(1897-1939)
Austrian Artistic Movement
In 1897 a group of Artists, such as Otto Wagner and his gifted students, Josef Hoffmann and Josef Olbrich, with Gustav Klimt, Koloman Moser and others aspired to the renaissance of the arts and crafts and to bring more abstract and purer forms to the designs of buildings and furniture, glass and metalwork, following the concept of total work of art and to do so they tide to bring together Symbolists, Naturalists, Modernists, and Stylists.
They gave birth to another form of modernism in the visual arts as they called themself : the Secession. As the name indicates, this movement represented a protest of the younger generation against the traditional art of their forebears. The first chairman was Gustav Klimt. To persue their goal they created their own exhibition space: the Secession building just off Vienna's Ringstrasse and the architect would be Josef Maria Olbrich.
But the Vienna Secession promoted their design aesthetic with exhibition posters and its own journal, Ver Sacrum (Sacred Spring). The journal housed reproductions, poetry illustrations, graphic art, decorative borders, object design, and cutting-edge conceptions for layout. Starting with the first exhibition in November 1898, the Vienna Secession Building presented works of the most important artists of the time as: Gustav Klimt, Koloman Moser, Josef Maria Olbrich, Max Klinger, Walter Crane, Eugene Grasset, Signac, Charles Robert Ashbee, Charles Rennie Mackintosh, Degas, Arnold Bocklin, Giovanni Segantini, Auguste Rodin, Edvard Munch, van Gogh, Toulouse-Lautrec, Vuillard, Bonnard, Redon, Gauguin, Otto Wagner and also a good proportion of Belgian Artists as: Fernand Khnopff, Constantin Meunier, Felicien Rops, Theo van Rysselberghe, George Minne.
In 1902, Gustav Klimt created the Beethoven Frieze as part of installation of Max Klinger's sculpture Beethoven; installation designed by Josef Hoffmann. The Beethovan Frieze was left on view another year, then dismantled and sold. On 19th May, 1903 another association, the Wiener Werksttte (German for The "Vienna Workshop") was registered in Vienna . The founders, Josef Hoffmann and Koloman Moser, both members of the Vienna Secession wanted to provide an outlet for graduates from the Kunstgewerbeschule.
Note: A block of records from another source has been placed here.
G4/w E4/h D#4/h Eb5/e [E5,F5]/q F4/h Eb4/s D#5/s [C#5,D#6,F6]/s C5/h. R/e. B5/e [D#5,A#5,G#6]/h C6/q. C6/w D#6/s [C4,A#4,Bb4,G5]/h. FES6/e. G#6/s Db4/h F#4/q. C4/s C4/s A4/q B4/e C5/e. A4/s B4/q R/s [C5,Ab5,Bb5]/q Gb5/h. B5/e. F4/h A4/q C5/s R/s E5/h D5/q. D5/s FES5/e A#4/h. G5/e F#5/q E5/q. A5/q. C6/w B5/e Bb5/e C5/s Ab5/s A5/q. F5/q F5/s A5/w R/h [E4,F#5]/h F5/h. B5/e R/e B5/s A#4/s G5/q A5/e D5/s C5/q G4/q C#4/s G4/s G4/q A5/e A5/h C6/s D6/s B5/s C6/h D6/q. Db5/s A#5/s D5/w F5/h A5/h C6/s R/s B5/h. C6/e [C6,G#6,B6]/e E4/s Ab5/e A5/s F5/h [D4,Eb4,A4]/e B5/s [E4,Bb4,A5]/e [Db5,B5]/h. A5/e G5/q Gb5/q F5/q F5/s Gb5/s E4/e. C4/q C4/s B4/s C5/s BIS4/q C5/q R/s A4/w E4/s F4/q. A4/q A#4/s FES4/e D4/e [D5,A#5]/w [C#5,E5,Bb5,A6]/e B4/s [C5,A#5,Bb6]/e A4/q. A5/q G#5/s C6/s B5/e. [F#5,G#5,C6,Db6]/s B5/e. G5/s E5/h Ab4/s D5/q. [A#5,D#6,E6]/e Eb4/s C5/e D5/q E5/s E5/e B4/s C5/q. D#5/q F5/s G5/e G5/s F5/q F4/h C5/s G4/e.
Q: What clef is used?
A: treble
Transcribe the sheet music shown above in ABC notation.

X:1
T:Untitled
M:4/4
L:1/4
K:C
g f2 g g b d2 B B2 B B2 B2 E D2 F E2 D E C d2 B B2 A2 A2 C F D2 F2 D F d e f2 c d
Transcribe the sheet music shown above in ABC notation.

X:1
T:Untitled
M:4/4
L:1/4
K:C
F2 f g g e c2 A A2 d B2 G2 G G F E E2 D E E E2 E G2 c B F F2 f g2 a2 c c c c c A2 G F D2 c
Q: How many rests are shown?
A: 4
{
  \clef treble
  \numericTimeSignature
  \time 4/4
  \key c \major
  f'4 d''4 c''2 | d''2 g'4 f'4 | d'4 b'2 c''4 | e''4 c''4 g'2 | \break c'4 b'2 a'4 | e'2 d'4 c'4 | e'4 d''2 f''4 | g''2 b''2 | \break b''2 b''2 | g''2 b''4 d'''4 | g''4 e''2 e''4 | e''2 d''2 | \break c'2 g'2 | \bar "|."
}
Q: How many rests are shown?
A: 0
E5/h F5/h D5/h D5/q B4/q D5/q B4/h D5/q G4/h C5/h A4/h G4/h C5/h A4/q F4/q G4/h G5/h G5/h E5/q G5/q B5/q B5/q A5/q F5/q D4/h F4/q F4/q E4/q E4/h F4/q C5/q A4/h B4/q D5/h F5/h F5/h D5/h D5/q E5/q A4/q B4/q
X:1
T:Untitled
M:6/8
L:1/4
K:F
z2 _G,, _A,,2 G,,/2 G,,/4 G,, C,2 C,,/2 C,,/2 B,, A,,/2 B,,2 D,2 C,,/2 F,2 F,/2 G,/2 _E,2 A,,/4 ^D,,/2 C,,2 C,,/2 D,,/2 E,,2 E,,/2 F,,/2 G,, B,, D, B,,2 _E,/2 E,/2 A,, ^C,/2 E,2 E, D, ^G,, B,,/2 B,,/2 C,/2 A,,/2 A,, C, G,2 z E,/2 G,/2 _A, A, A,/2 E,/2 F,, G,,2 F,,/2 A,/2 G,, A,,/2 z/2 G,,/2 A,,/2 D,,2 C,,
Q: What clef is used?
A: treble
In 1905, the ongoing conflict between the naturalists, who had clung to many of the Kunstlerhaus tenets from the beginning of the Secession Movement, and the stylists finally proved irreconcilable. At that time Klimt, Auchentaller, Boehm, Hoffmann, Moser and Roller, seceded from the Secession on the grounds that they could no longer be associated with the more realistic naturalists who refused to commit themselves to the "total work of art", a fundamental premise of the Secessionist Movement.
The "Klimt Group" held their exhibitions in 1908 in the Kunstschau, a temporary pavilion built by Josef Hoffmann, and the year represents the high-point in the decorative phase of late Art Nouveau.